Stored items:
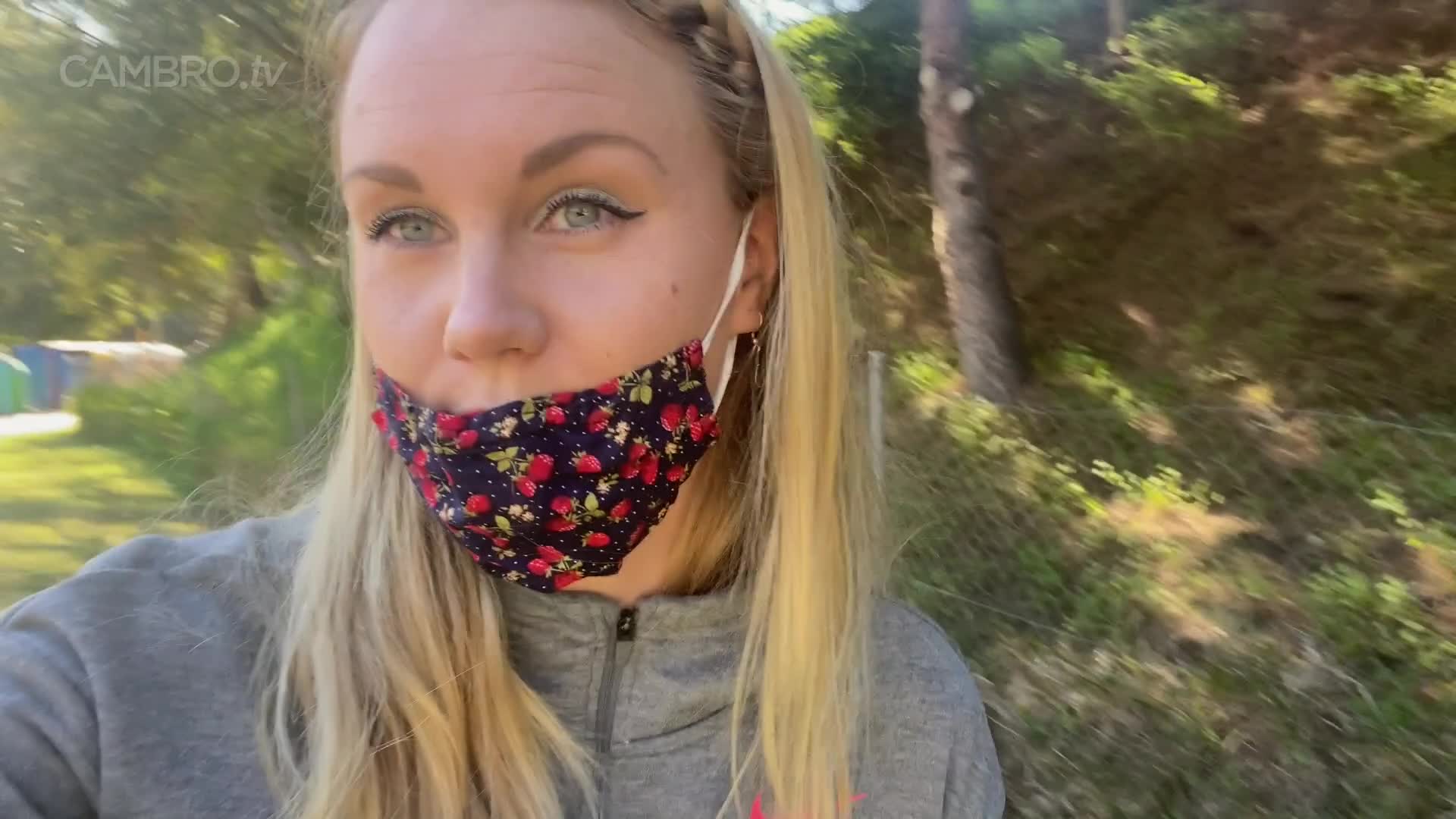 Video 916437 from Iviroses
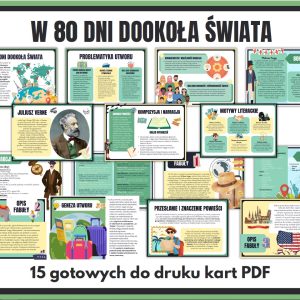 w-80-dni-dookola-swiata-gazetka-szkolna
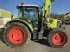 Traktor του τύπου CLAAS ARION 430 SUR MESURE, Gebrauchtmaschine σε ST CLEMENT DE LA PLACE (Φωτογραφία 7)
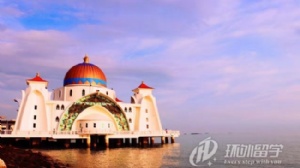 ����������ѧ�����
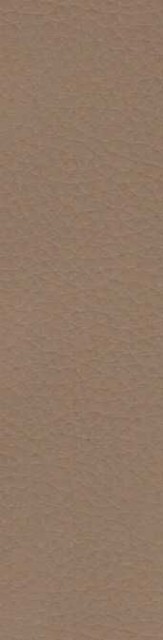 774_original.jpg1.jpg1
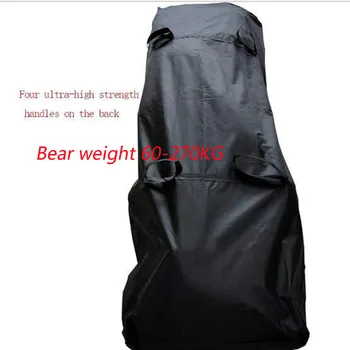 Dust Cover Supplies Remain Corpse Home Body Bag Transportation Carrying Dead Person Package Clothing Cover
Dust Cover Supplies Remain Corpse Home Body Bag Transportation Carrying Dead Person Package Clothing Cover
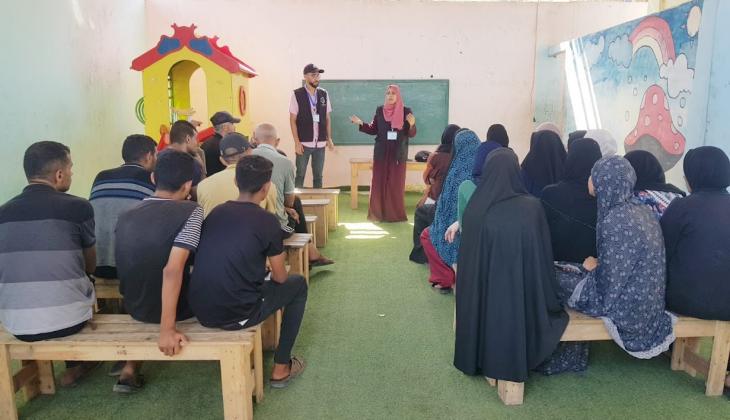 WhatsApp Image 2026-04-20 at 14.13.47.jpeg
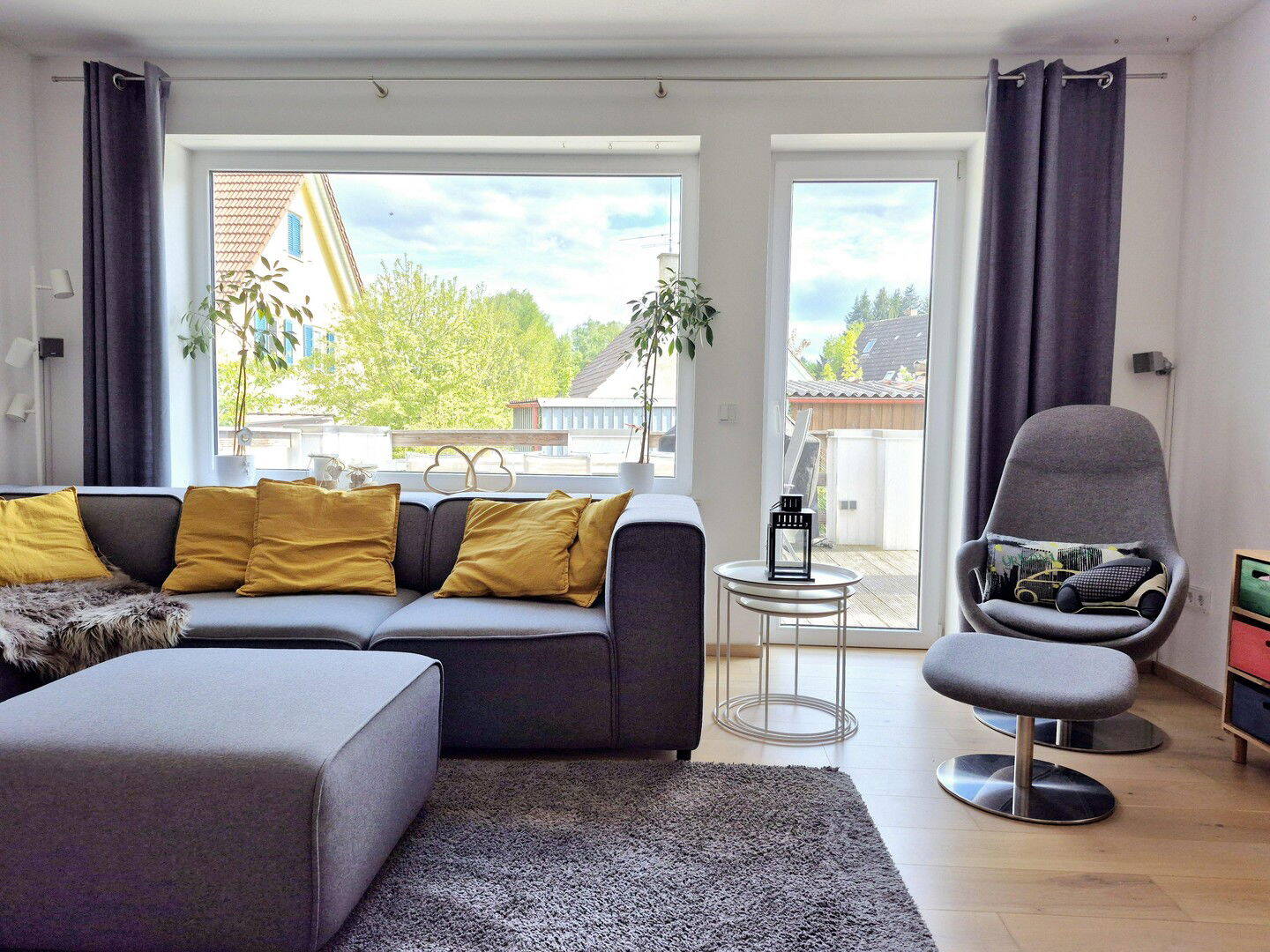Bild 8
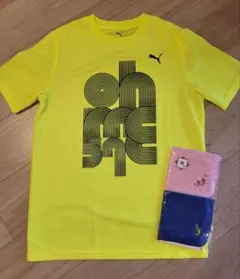 Item thumbnail for item 221e1c42-8c44-4edf-a185-a2e50c34964e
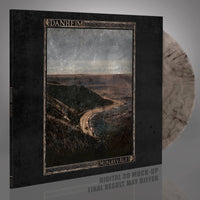 Danheim - Munarvágr [CD / Vinyl] thumbnail 1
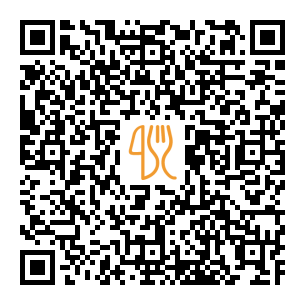 QR-code link către meniul Gaststätte Zum Goldenen Schlüssel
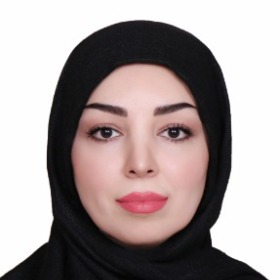 بهناز فتح الله زاده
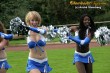 Thumbs/tn_IMG_5557.jpg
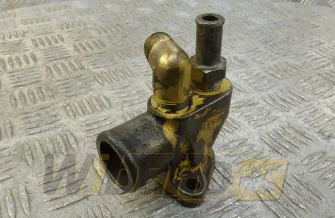  Caterpillar 141-0838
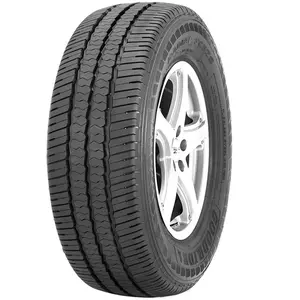 Comparateur de prix : Westlake Pneu Westlake Radial SC328 ( 215/75 R16 113/111Q 8PR )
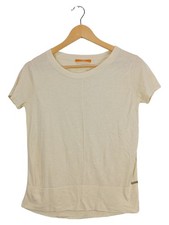 Hugo Boss Damen T-Shirt Basic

● Task: Every line from the one containing "774_original.jpg1.jpg1" to the final line of the records must be transcribed exactly, both ends included, with the pictures left out.

● Response below:
 774_original.jpg1.jpg1
 Dust Cover Supplies Remain Corpse Home Body Bag Transportation Carrying Dead Person Package Clothing Cover
Dust Cover Supplies Remain Corpse Home Body Bag Transportation Carrying Dead Person Package Clothing Cover
 WhatsApp Image 2026-04-20 at 14.13.47.jpeg
Bild 8
 Item thumbnail for item 221e1c42-8c44-4edf-a185-a2e50c34964e
 Danheim - Munarvágr [CD / Vinyl] thumbnail 1
 QR-code link către meniul Gaststätte Zum Goldenen Schlüssel
 بهناز فتح الله زاده
 Thumbs/tn_IMG_5557.jpg
  Caterpillar 141-0838
 Comparateur de prix : Westlake Pneu Westlake Radial SC328 ( 215/75 R16 113/111Q 8PR )
 Hugo Boss Damen T-Shirt Basic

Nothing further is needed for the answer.